Kisahku Bersama Gus Dur Menjelang Subuh

Ada peristiwa penting menjelang subung di rumah Gus Dur

Kisahku Bersama Gus Dur Menjelang Subuh
Sumber: Tribun Lampung

Menjelang Subuh aku di rumah Gus Dur

Aku tiba di rumah Gus Dur pukul 03.00 dini hari, menjelang subuh. Suasana rumah masih banyak orang yang membaca Al-Quran. Di luar banyak orang menunggu subuh dalam wajah sendu, tak bergairah.

Aku langsung masuk rumah dan menuju tempat di mana Gus Dur dibaringkan.

Di hadapan tubuh yang masih utuh itu, tiba-tiba saja aku teringat kata-kata bijak dalam sebuah buku tasawuf : “Ketika jiwa pergi dalam keadaan bersih, tanpa membawa serta bersamanya hasrat-hasrat rendah duniawi yang menciptakan ketergantungan, yang selama hidupnya selalu dihindari dan tak pernah dibiarkan menguasi diri; menjadi diri sendiri dan menempatkan perpisahan jiwa dari badan sebagai tujuan dan bahan permenungan.
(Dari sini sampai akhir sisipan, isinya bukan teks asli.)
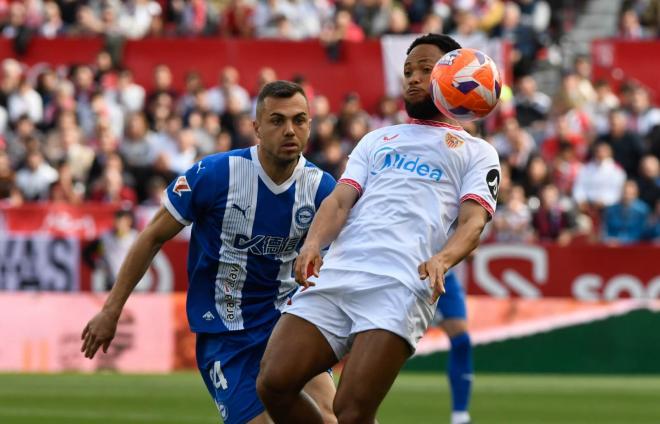 Ejuke y Joan Jordán, en el Sevilla-Alavés (Foto: Kiko Hurtado).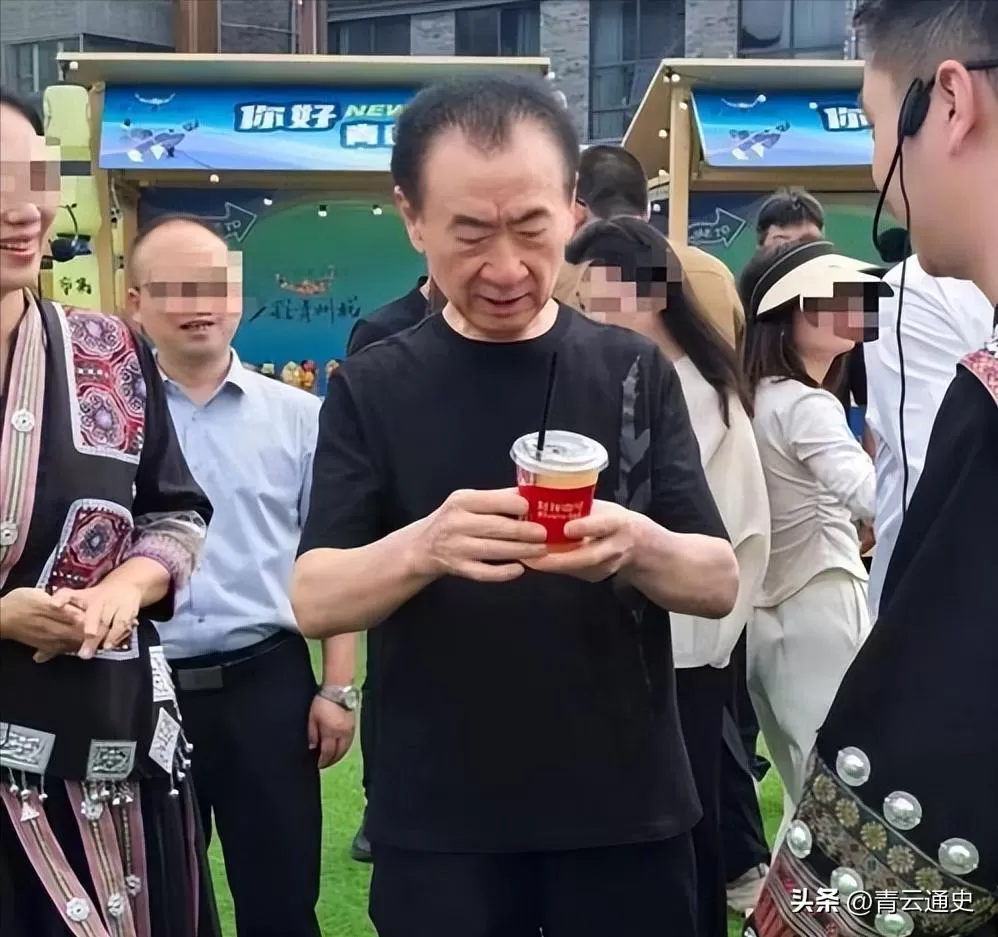 家底掏空！王健林只剩一样没卖，比千亿身家还扛造
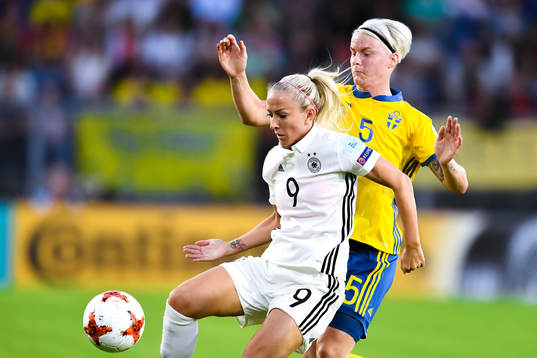 Tysklands Mandy Islacker och Sveriges Nilla Fischer i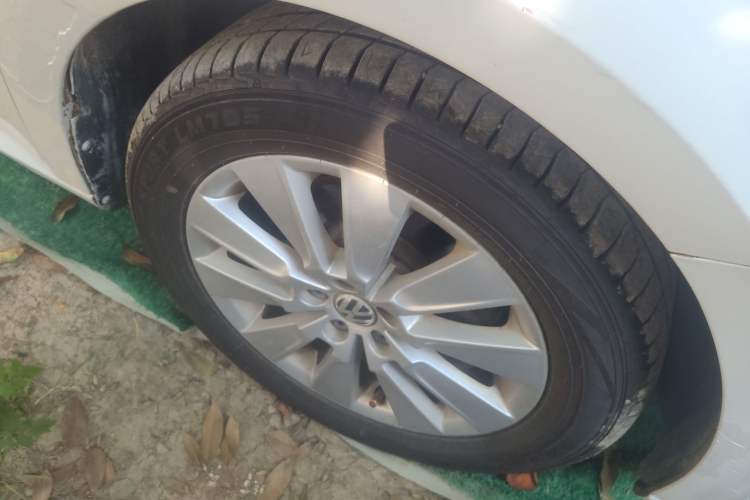 Used Volkswagen Lavida 2013 Restyled Classic 1.6L Manual Comfort Edition Right Front Wheel Hub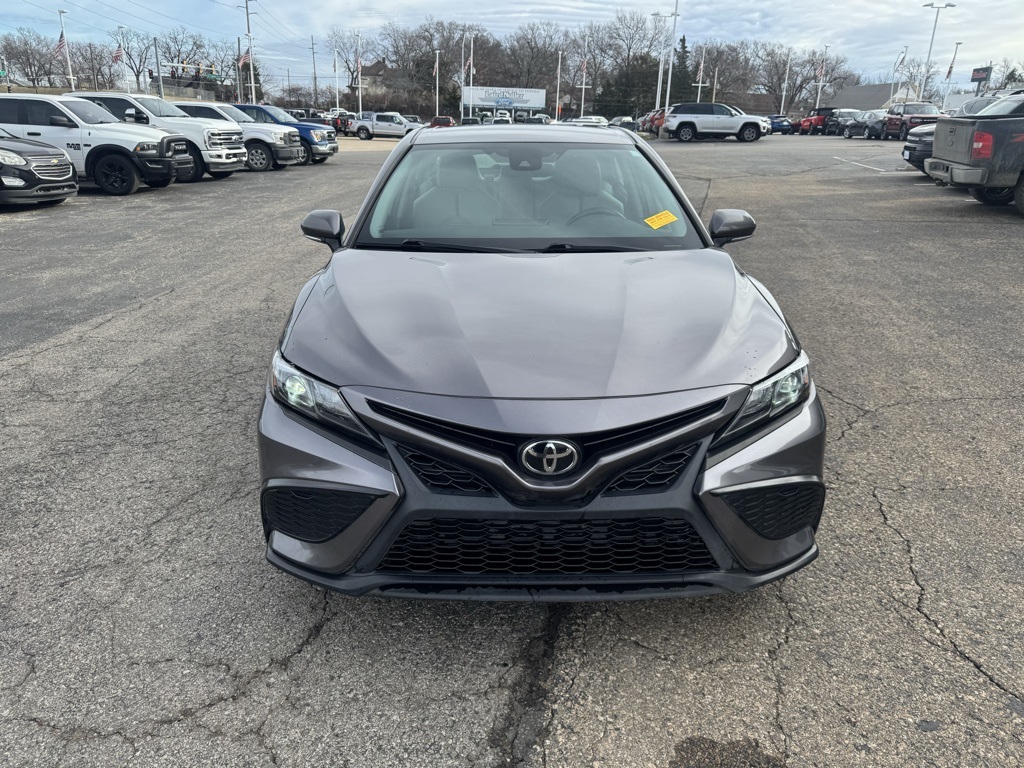 Used 2022 Toyota Camry SE Nightshade with VIN 4T1G11AK9NU663788 for sale in Kansas City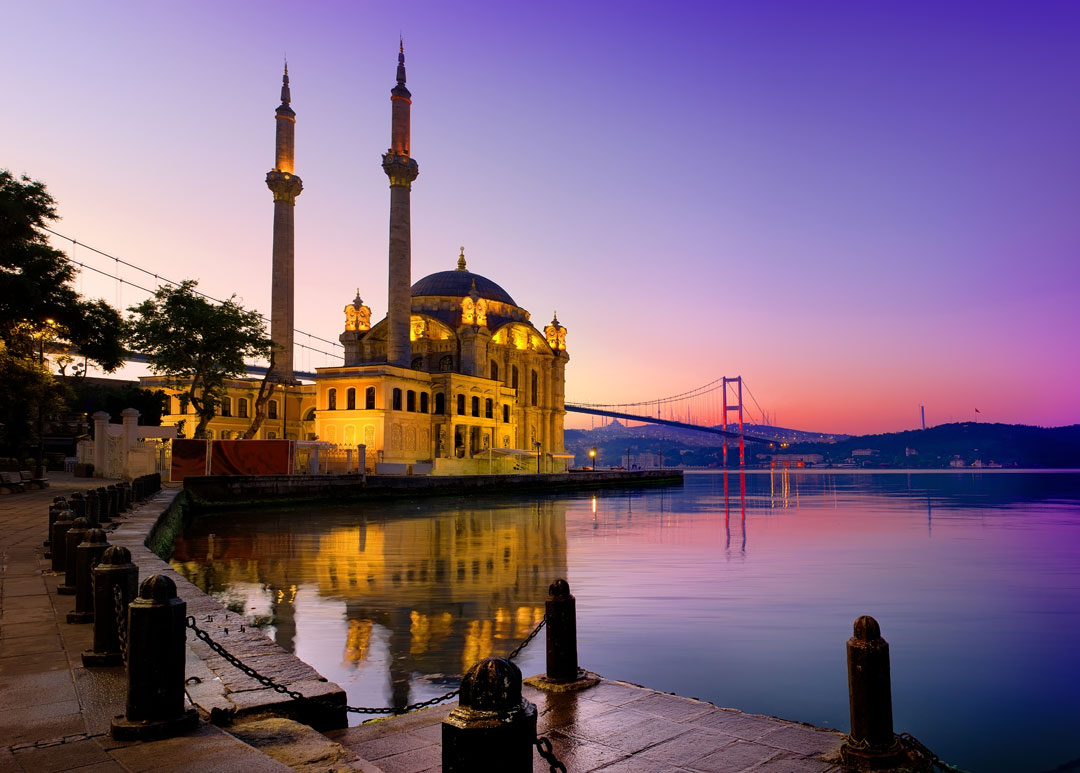 İstanbul Ortaköy Camii ve İstanbul Boğazı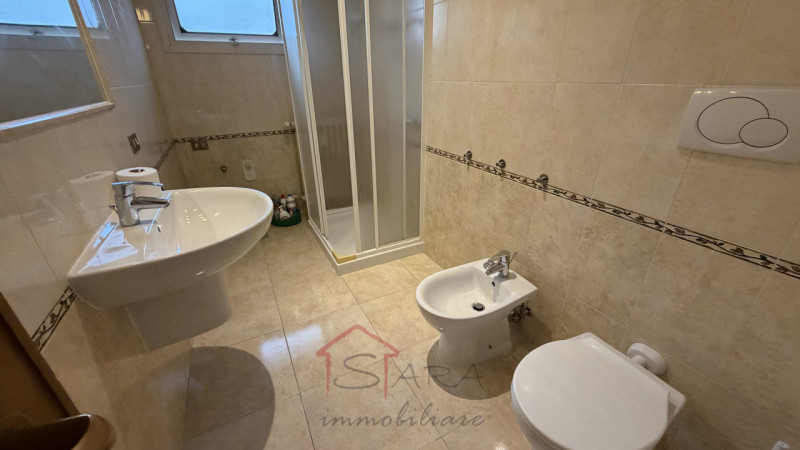 Sara Immobiliare propone in locazione un ampio e luminoso appartamento di circa 110 mq calpestabi...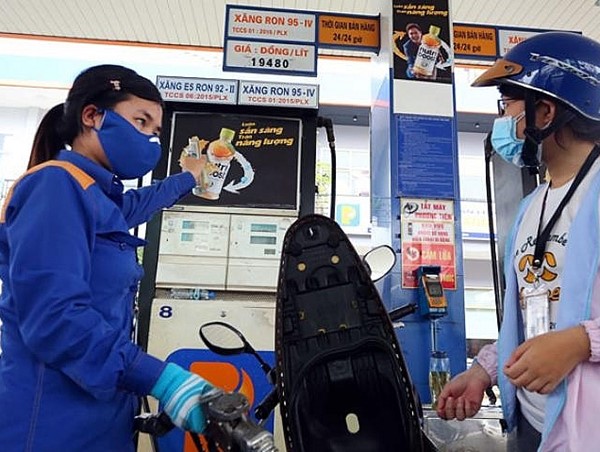 Giá xăng tăng 604 đồng/lít sau 8 lần giảm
Maka jiwa itu telah siap untuk memasuki wilayah kasat mata (‘Alam al-Musyahadah) di mana para bijak-bestari tinggal”.

Ya, itulah jiwa yang telah matang. Itulah dia yang hatinya telah menjadi hati orang-orang yang ditinggalkannya, yang disayangi dan dicintainya. Dia yang telah membagi cintanya kepada mereka yang hatinya remuk-redam, tak berdaya dan tanpa gantungan. Dia yang bicara begitu bebas, polos, tanpa beban, karena tak punya hasrat rendah apapun dan tak tergantung pada siapapun, kecuali kepada Tuhan. Dia yang pikirannya mampu menjangkau masa depan dan melampaui zaman, tetapi yang tetap bisa bertahan dengan kokoh menjalani tradisinya. Dia yang tak pernah gentar untuk melawan setiap tangan tiranik dan korup. Ia yang tak mau kompromi terhadapnya dan tak peduli pada cibiran, cemooh dan sumpah serapah orang kepadanya. Ya, itulah Gus Dur.

Begitu usai, aku masuk ke bagian dalam rumah yang kamar-kamarnya sudah lama saya hapal, baik yang lama maupun yang sekarang ditempati. Aku mencari ibu Shinta. Ibu ternyata sudah di dalam kamarnya yang tampak remang, didampingi tiga putriya, tentu dalam rinai tangis yang mengiris.

Aku tak bisa menemui beliau untuk ta’ziyah, membesarkan hatinya dengan kesabaran dan ketulusan melepas suami tercintanya, orang yang selalu bersamanya dalam suka maupun duka selama berpuluh tahun beribu hari.